EXERCISE: Copy the records below, from the line containing "Prestige De Paris;More Mauriat - (Import CD)" through the last line; leave out pictures.

DATA:
_____

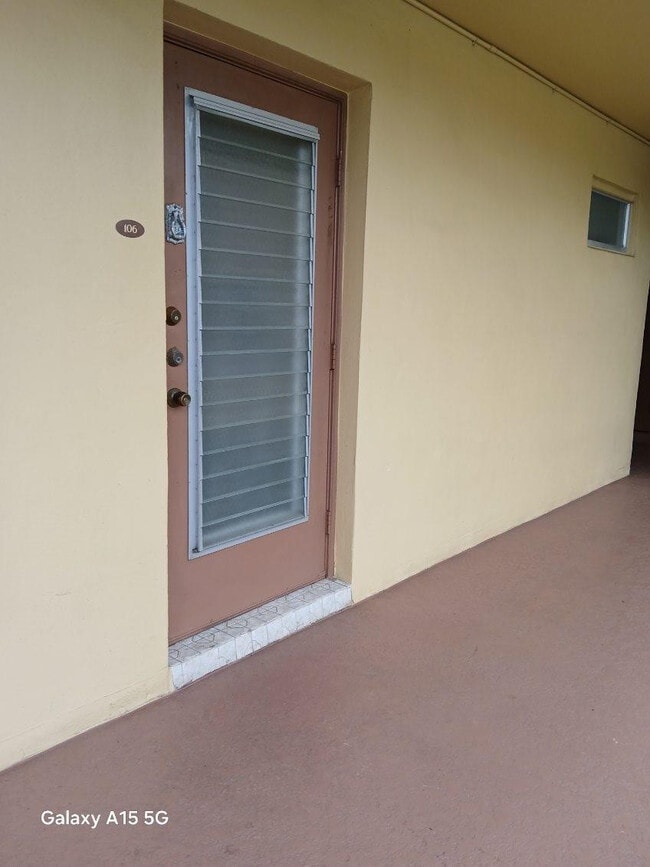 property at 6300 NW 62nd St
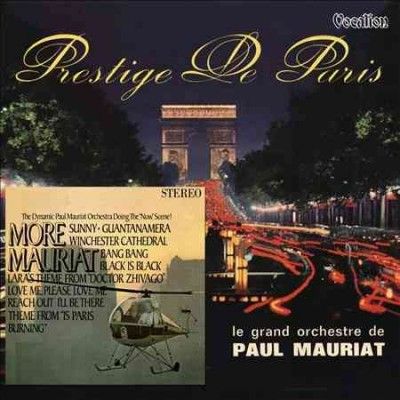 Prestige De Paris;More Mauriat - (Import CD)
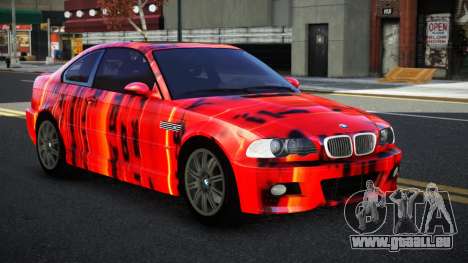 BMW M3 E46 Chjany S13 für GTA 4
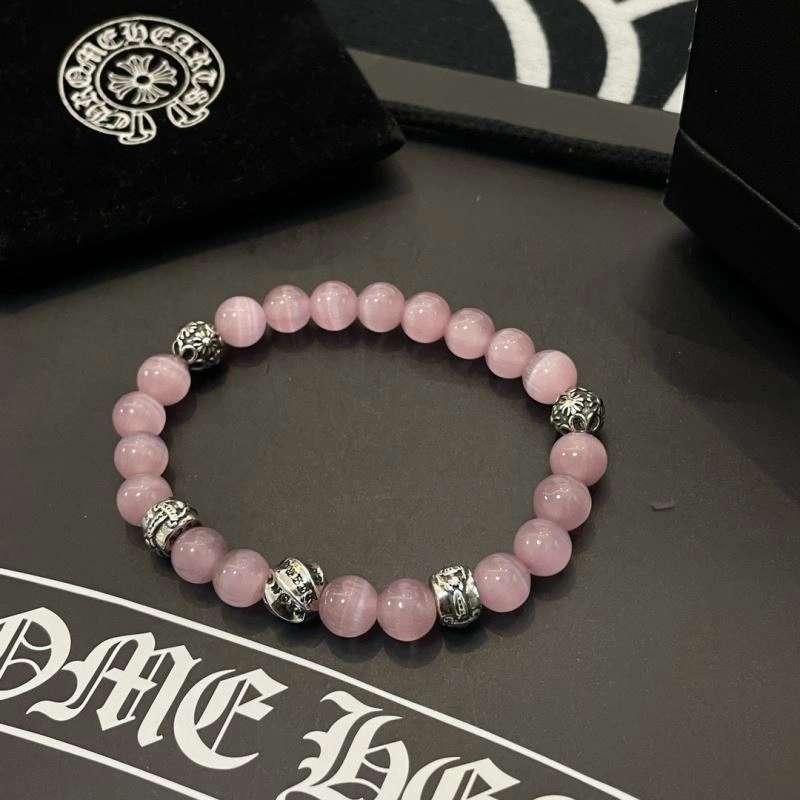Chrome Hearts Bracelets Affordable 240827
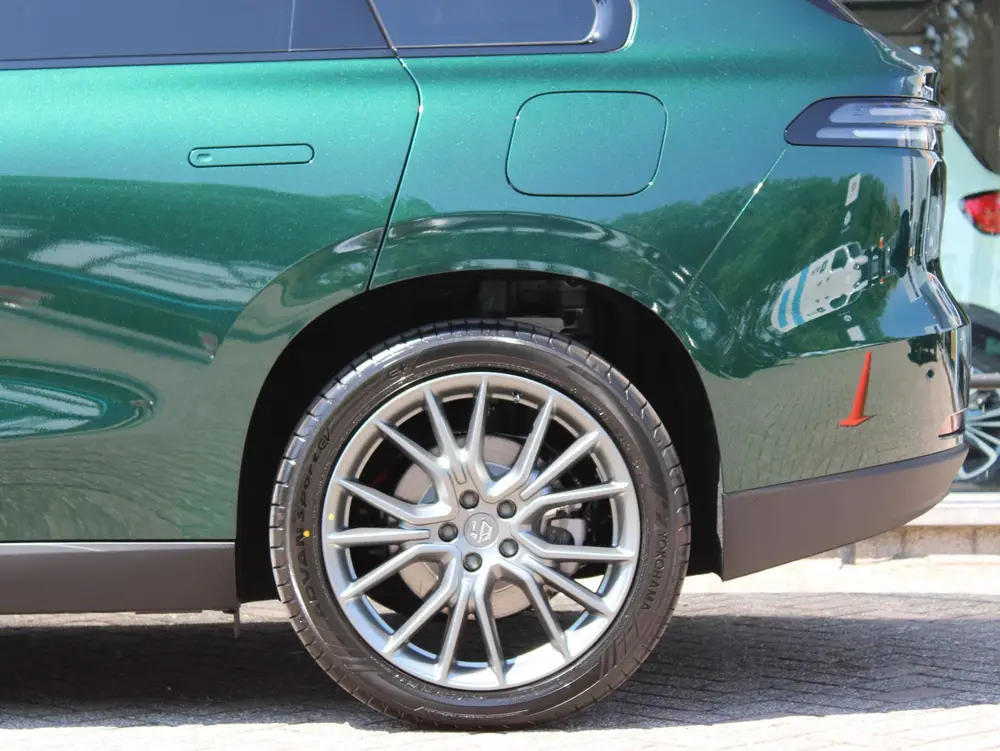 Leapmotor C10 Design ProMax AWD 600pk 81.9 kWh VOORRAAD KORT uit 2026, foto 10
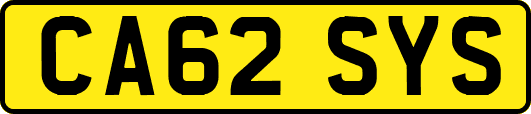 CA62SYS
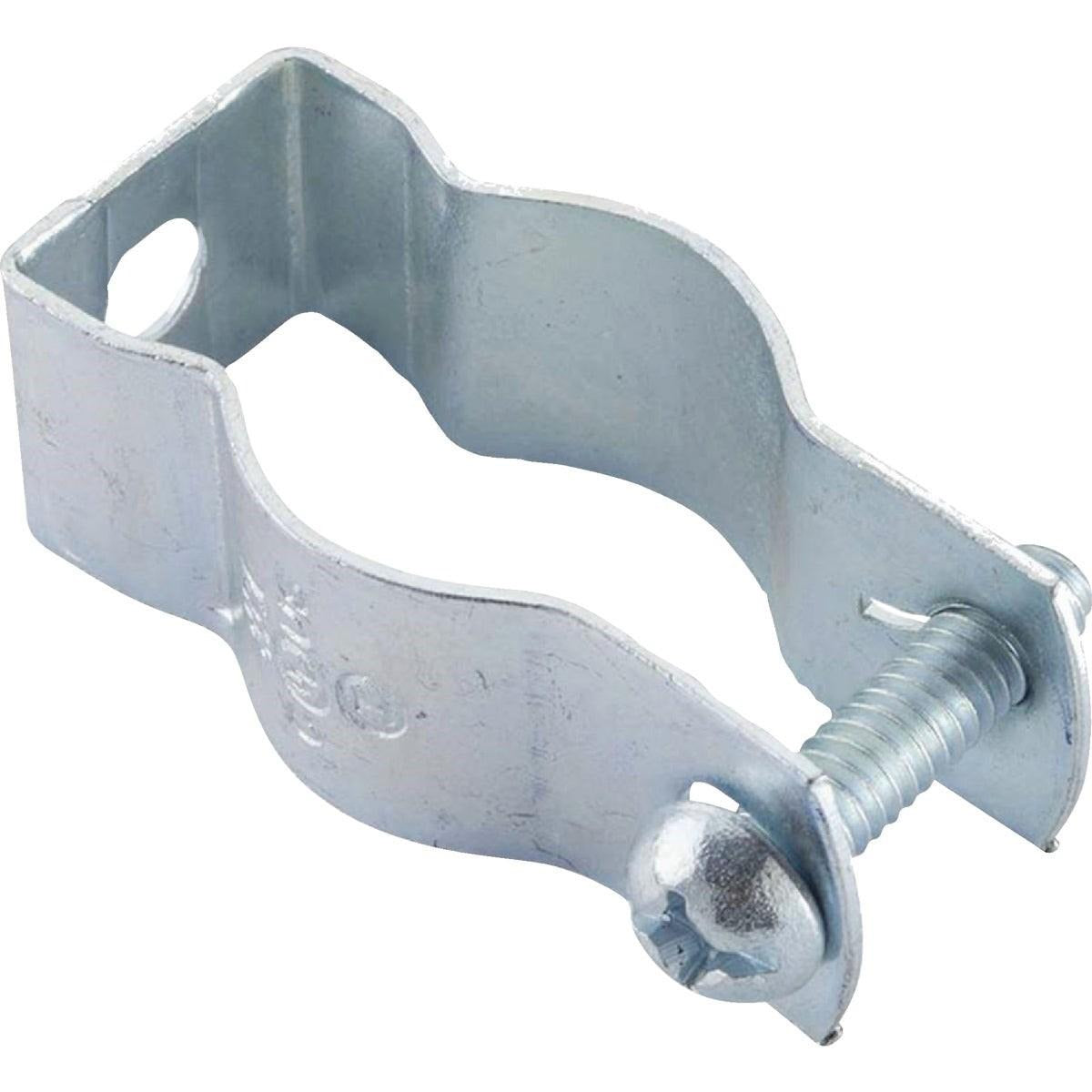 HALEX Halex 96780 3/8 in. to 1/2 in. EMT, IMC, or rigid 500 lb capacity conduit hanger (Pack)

_____

RESPONSE TO THE EXERCISE:
 Prestige De Paris;More Mauriat - (Import CD)
 BMW M3 E46 Chjany S13 für GTA 4
Chrome Hearts Bracelets Affordable 240827
 Leapmotor C10 Design ProMax AWD 600pk 81.9 kWh VOORRAAD KORT uit 2026, foto 10
 CA62SYS
 HALEX Halex 96780 3/8 in. to 1/2 in. EMT, IMC, or rigid 500 lb capacity conduit hanger (Pack)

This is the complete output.